Why Is Comet ISON Green?

Why Is Comet ISON Green?

Your readers may appreciate knowing why comets can appear this color. The background image is the shot I took with my 12.5" and an ST10xme CCD camera for 20 minutes in mid-October. A pale coloration of the front of the coma is seen. To the lower left is a shot with the same instrument but with a 100 lpmm (line pair per millimeter) diffraction grating in front of the CCD chip to break out the spectra of the objects in the entire field. Here ISON is faintly seen to the left of center, and the first order spectra a band to its right. But the real answer comes when we use the software called Rspec to analyze this band of light. The result is on the lower right. Normally reflected sunlight is rather flat and bland, and mostly that is what ISON is right now, reflected from dust. But labeled are two humps in the blue and green parts of the spectrum labeled "C2" for a carbon molecule. This blue/green emission pair is what gives ISON the color.

Nancy Atkinson

Nancy Atkinson

Nancy Atkinson is a space journalist and author with a passion for telling the stories of people involved in space exploration and astronomy. She is currently retired from daily writing, but worked at Universe Today for 20 years as a writer and editor. She also contributed articles to The Planetary Society, Ad Astra (National Space Society), New Scientist and many other online outlets.

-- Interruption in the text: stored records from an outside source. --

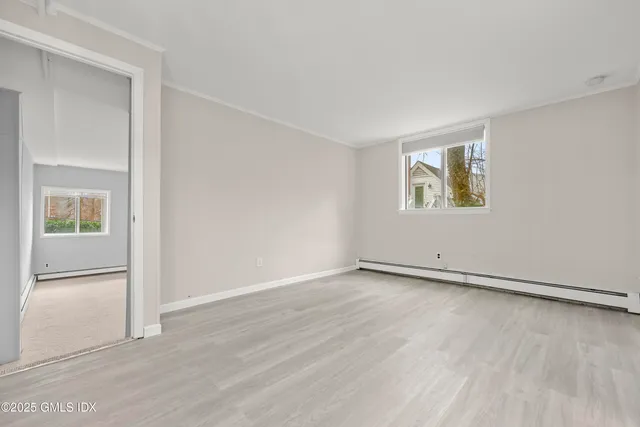 an empty room with windows and closet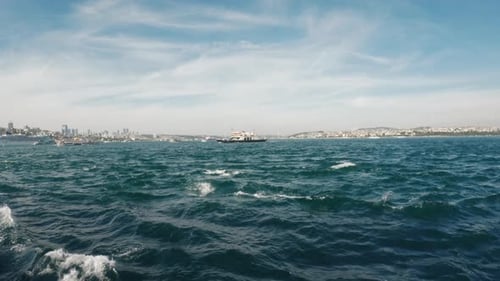 Serene Bosporus Strait with ferry and Istanbul skyline in the background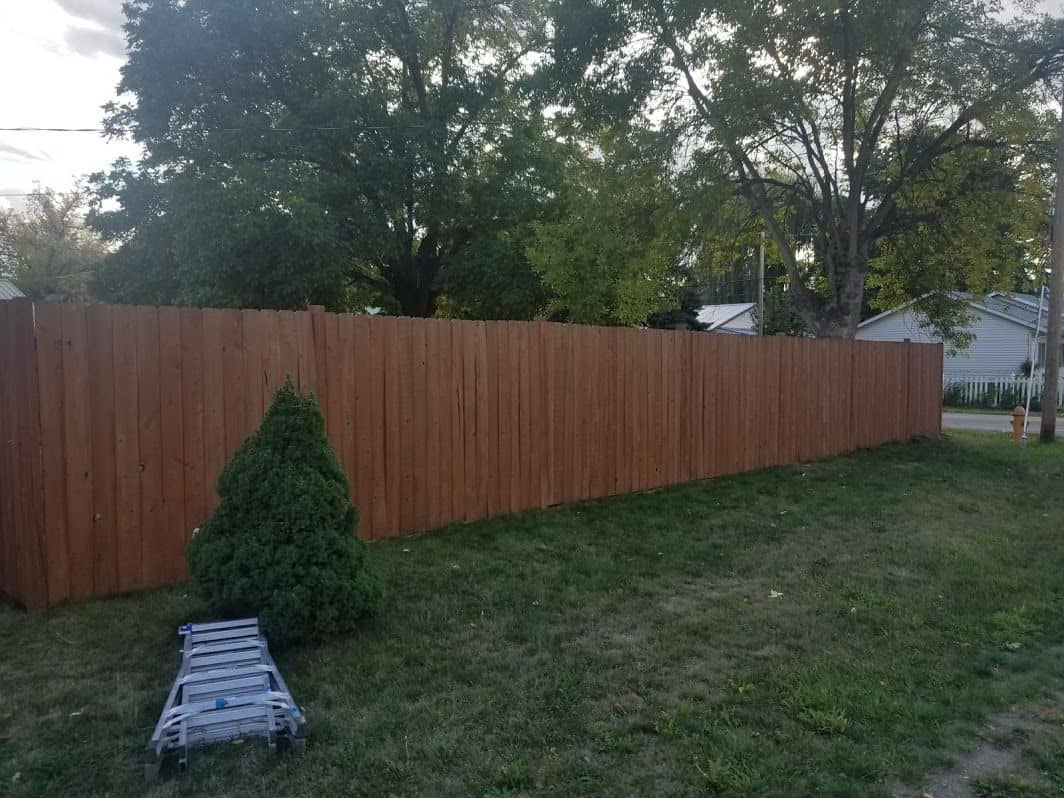 enlarged photo of brown stained fence
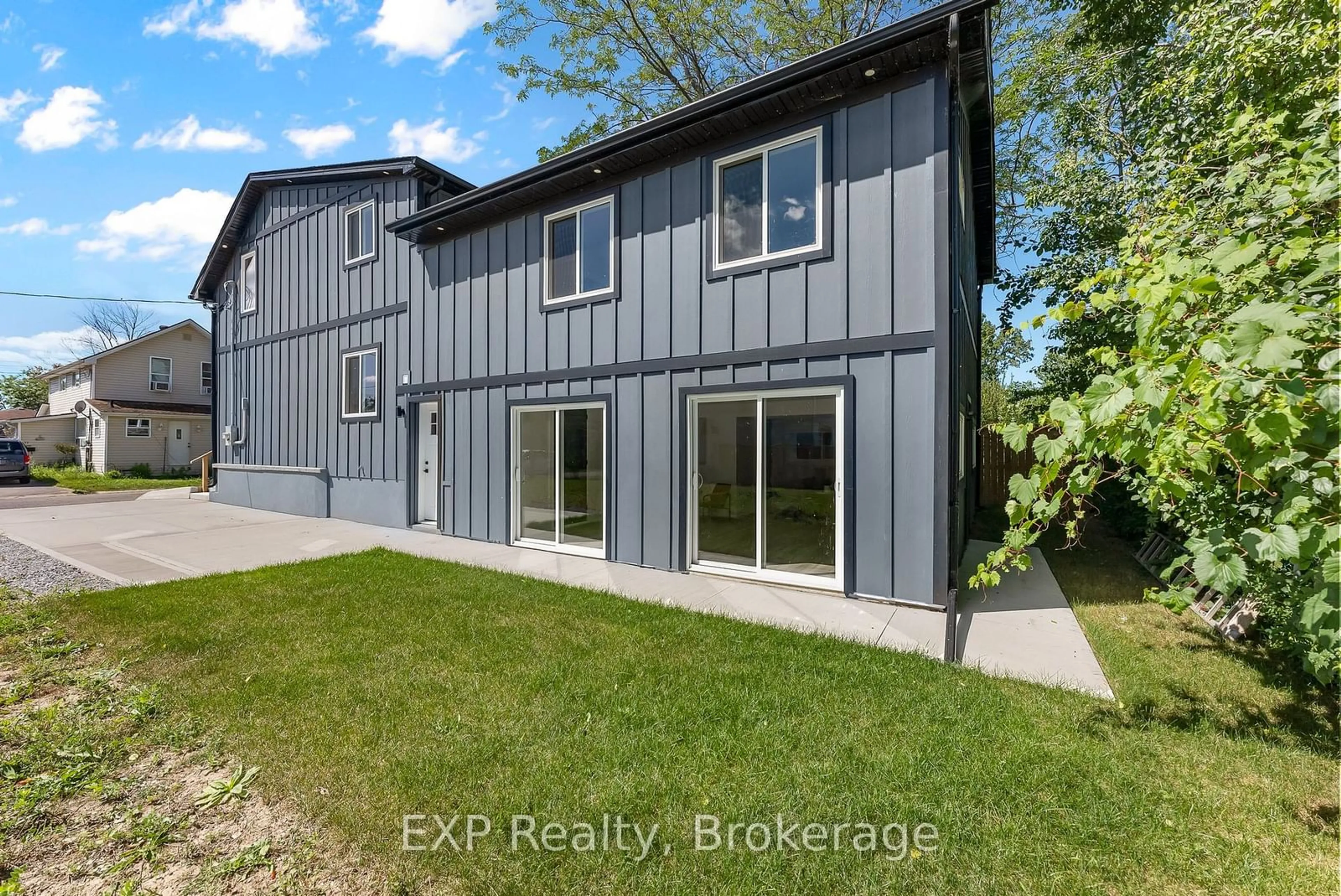 Frontside or backside of a home, the fenced backyard for 40 Parkview Ave, Fort Erie Ontario L2A 5L7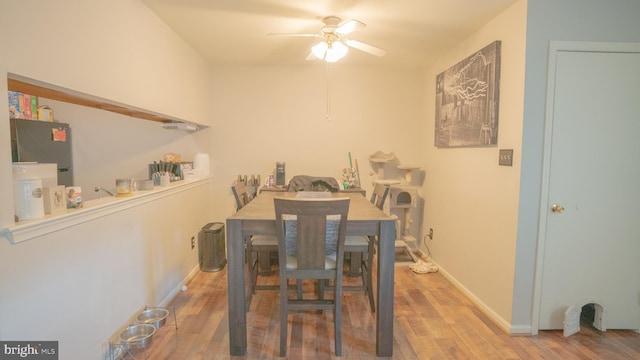 dining area featuring ceiling fan, wood-type flooring, and water heater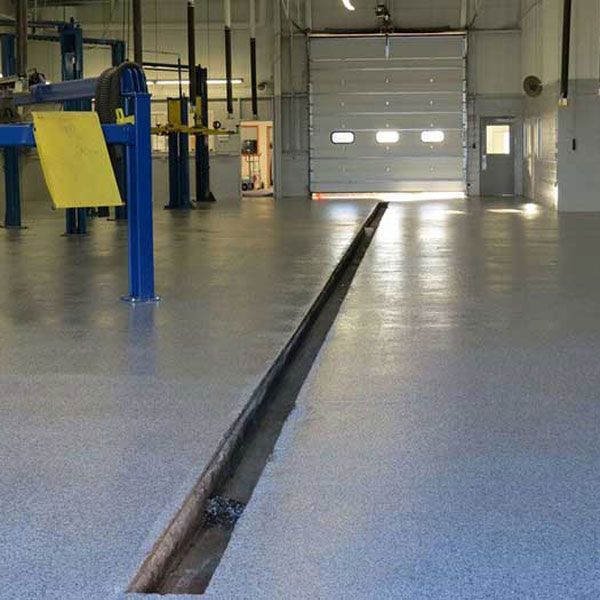 Auto repair shop with a long floor service trench and blue lift posts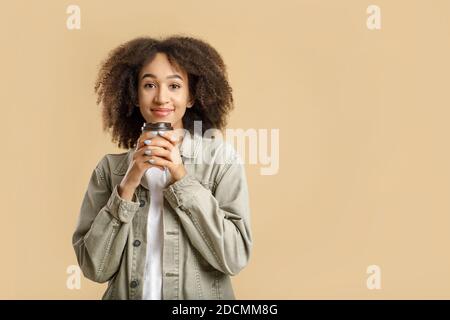 Bevanda calda e pausa preferite. Felice millennial curly donna afroamericana in casual, inalando profumo di caffè Foto Stock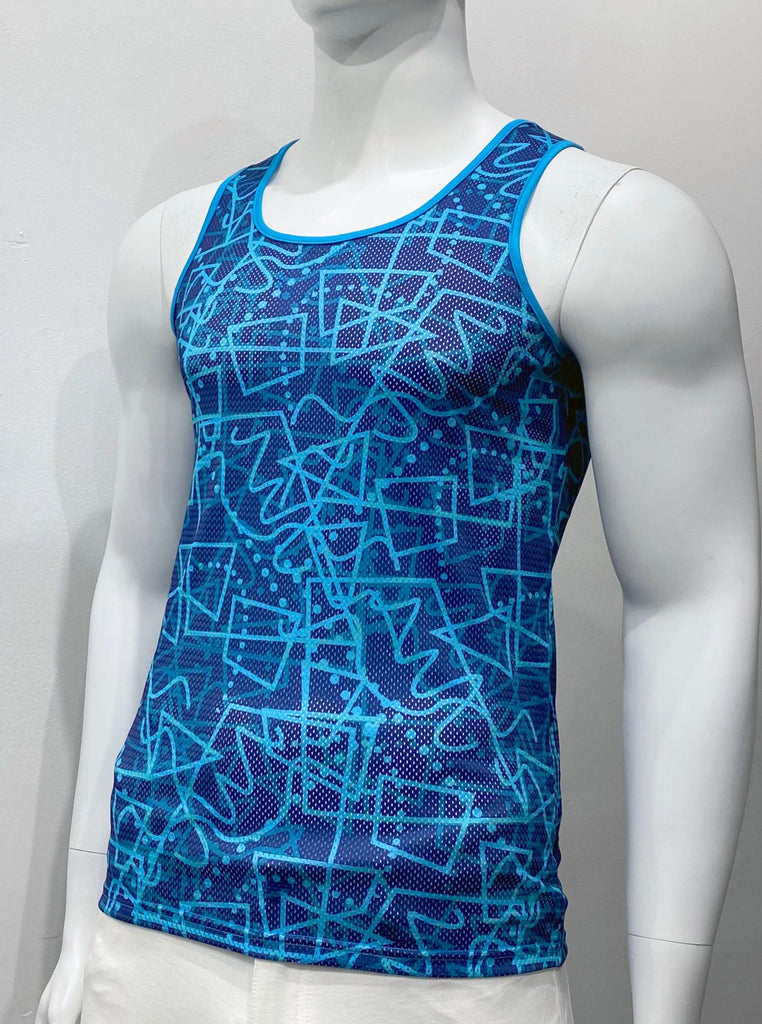 Perforated mesh tank to as seen from the front, with a pattern of dark and light turquoise and teal angular shapes, squiggle lines and dots over a navy background. There is turquoise piping on the shoulder straps and around the neck. There is a thick vertical stripe going up the center of the back panel. This stripe is comprised of five thinner vertical stripes. The two outermost stripes are turquoise, the two second outermost strips are navy, and the single inner stripe is teal.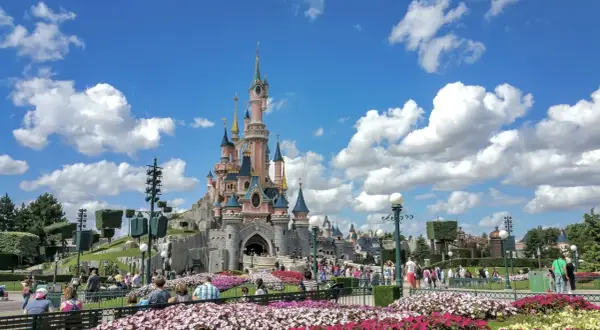 El castillo rosa de Disneyland Paris, rodeado de flores y gente, es el centro de sus atracciones.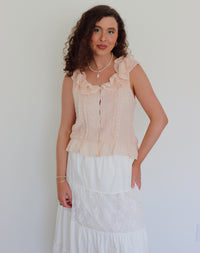 Woman wearing a light pink blouse with ruffled neckline against a plain background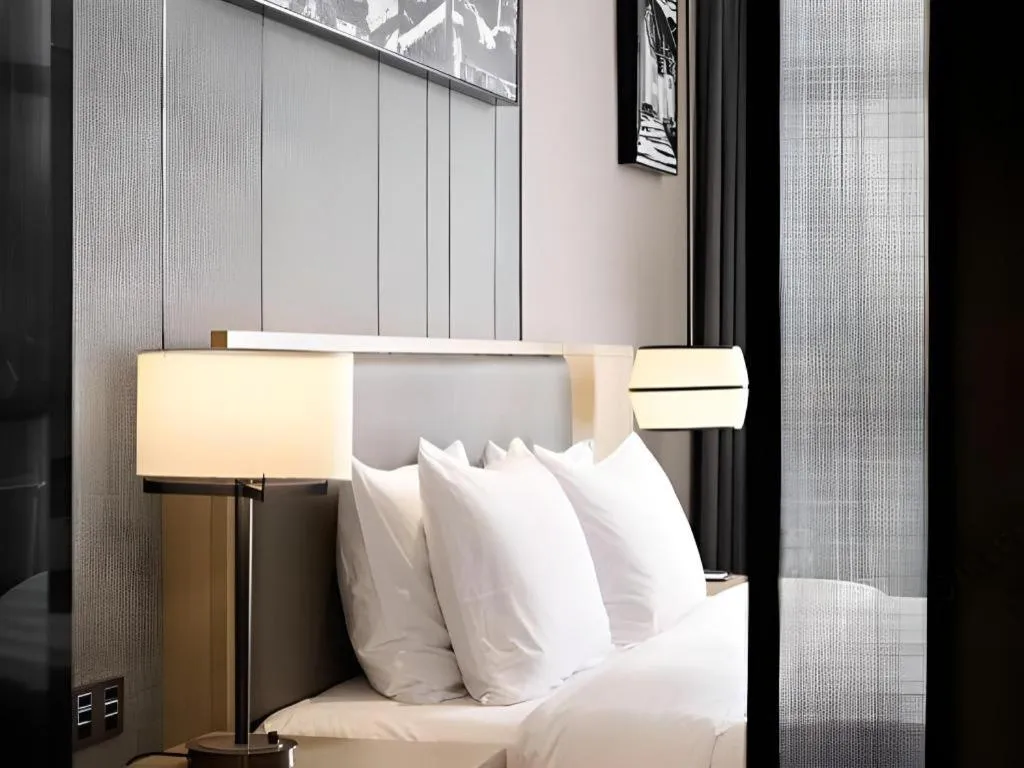 Bed in Zhuhai Tangyi Hotel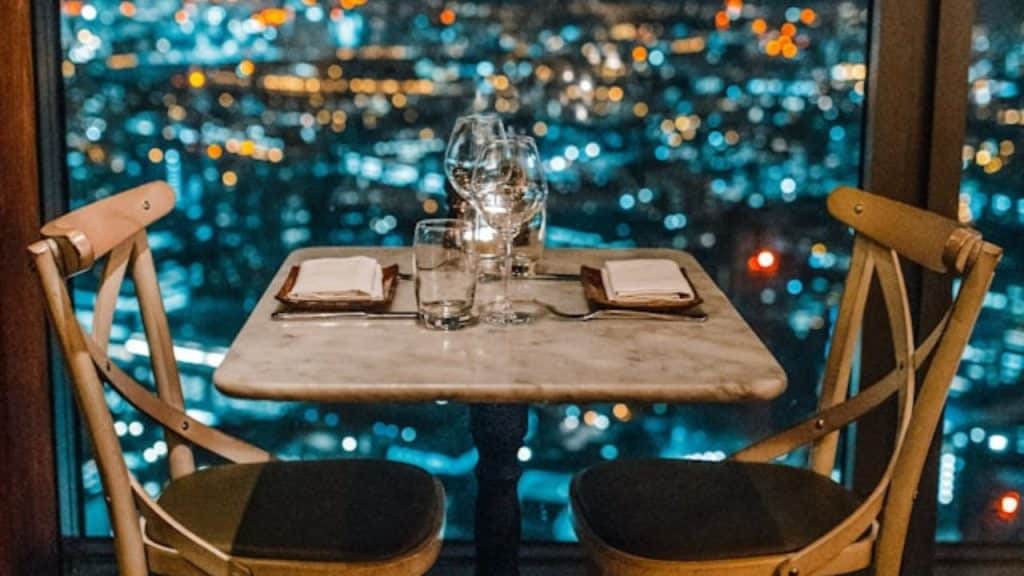 A set dinner table for two stands empty before a blurred nighttime city skyline window.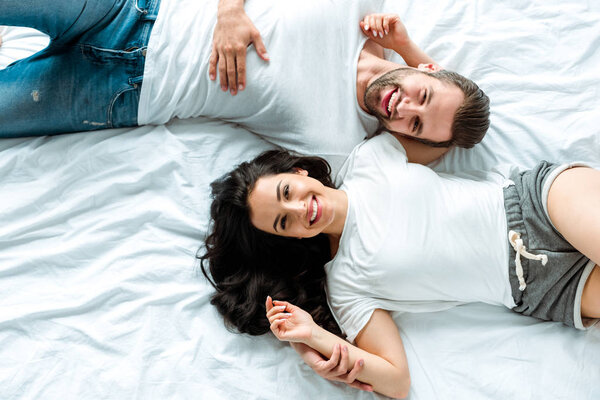 top view of happy smiling couple lying together in bed 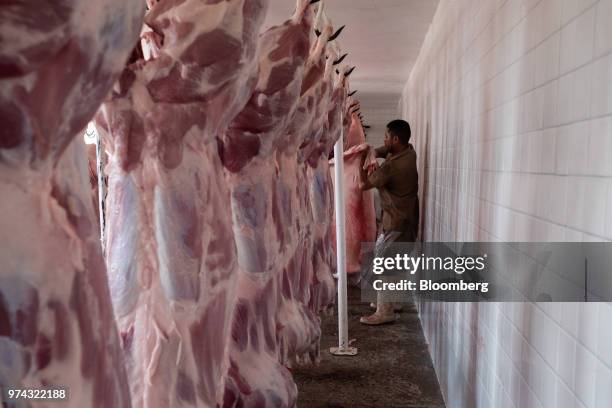 Worker prepares pig carcasses at the Obrador Muoz meat wholesale and distribution center in San Luis Potosi, Mexico, on Friday, June 8, 2018. Mexico...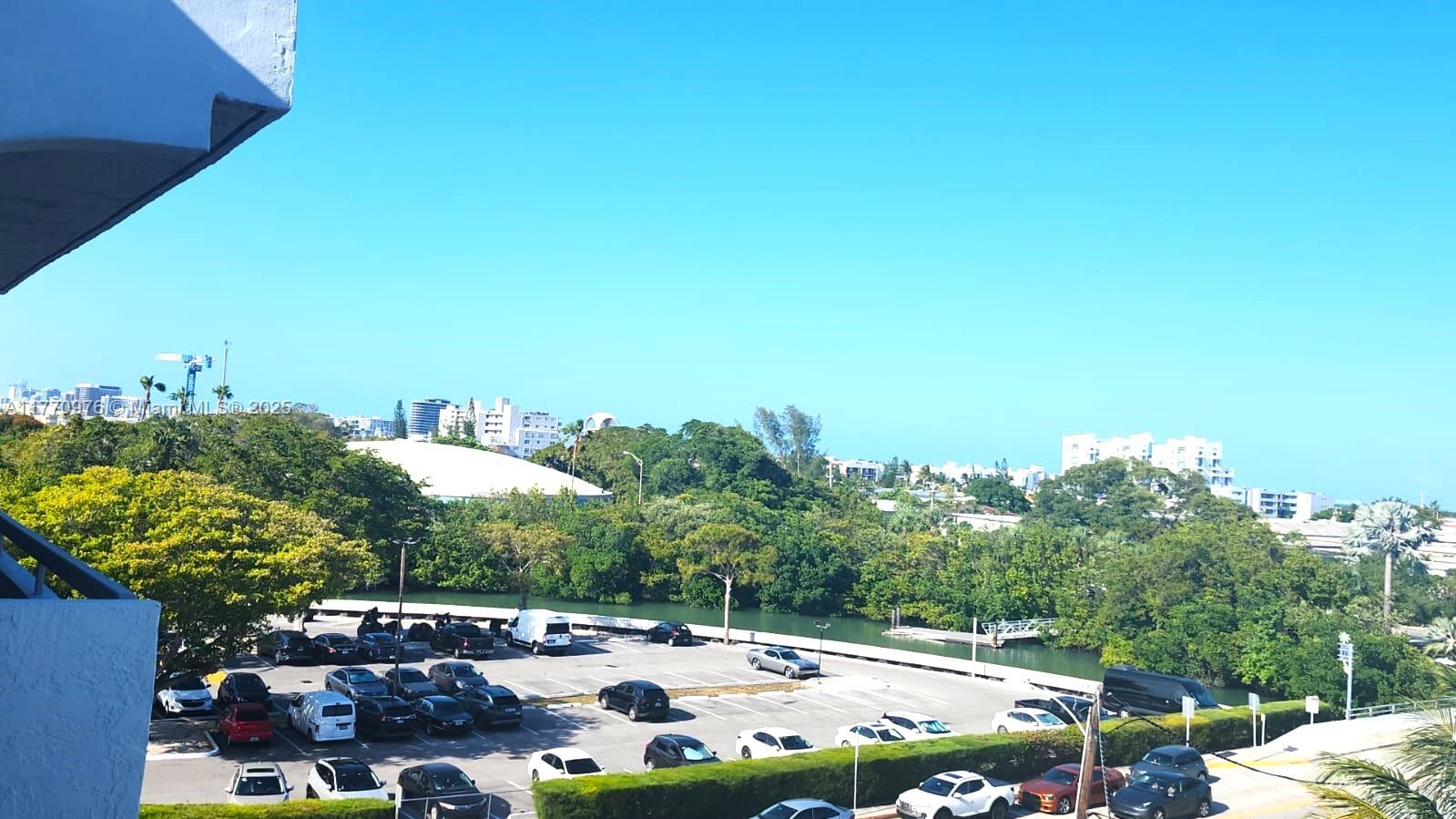 7300 Wayne Avenue, Unit 511 Miami Beach, FL 33141 - Photo 18 of 20 a view of a swimming pool patio and outdoor seating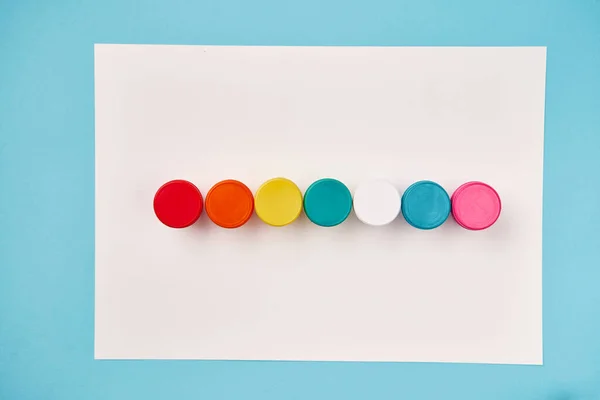 Draufsicht auf regenbogenfarbene Farbflaschen auf weißer Leinwand — Stockfoto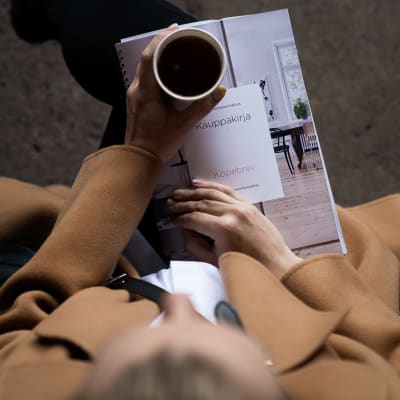 En kvinna sitter med ett köpebrev och en kaffe i famnen.
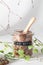 Flax seeds in glass jar with wooden spoon and natural elements leaves and bark on grey background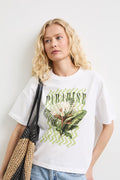 Women's white T-shirt with "Paradise" print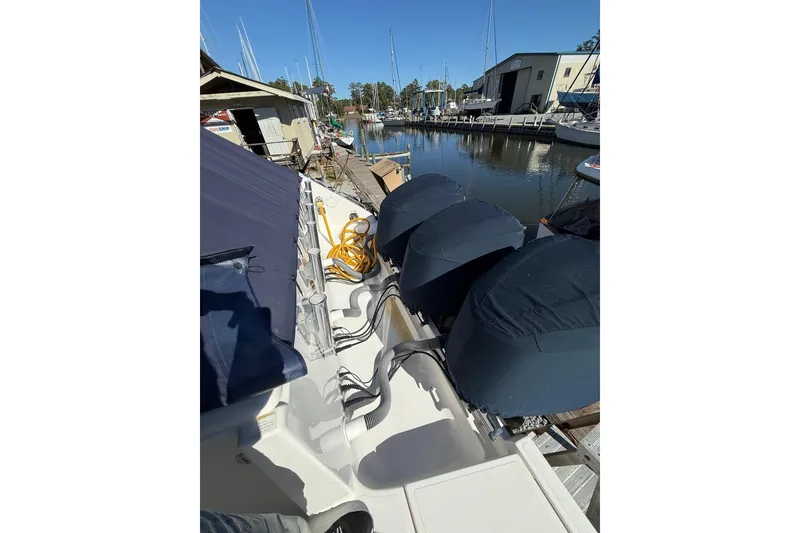 Slide: The Image of 2015 Pursuit OS 385 Offshore boat docked, featuring covered engines and marina view. - 16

Her 2019 book, "Eight Years to the Moon: The History of the Apollo Missions,” shares the untold stories of engineers and scientists who worked behind the scenes to make the Apollo program so successful, despite the daunting odds against it. Her first book “Incredible Stories From Space: A Behind-the-Scenes Look at the Missions Changing Our View of the Cosmos” (2016) tells the stories of 37 scientists and engineers that work on several current NASA robotic missions to explore the solar system and beyond.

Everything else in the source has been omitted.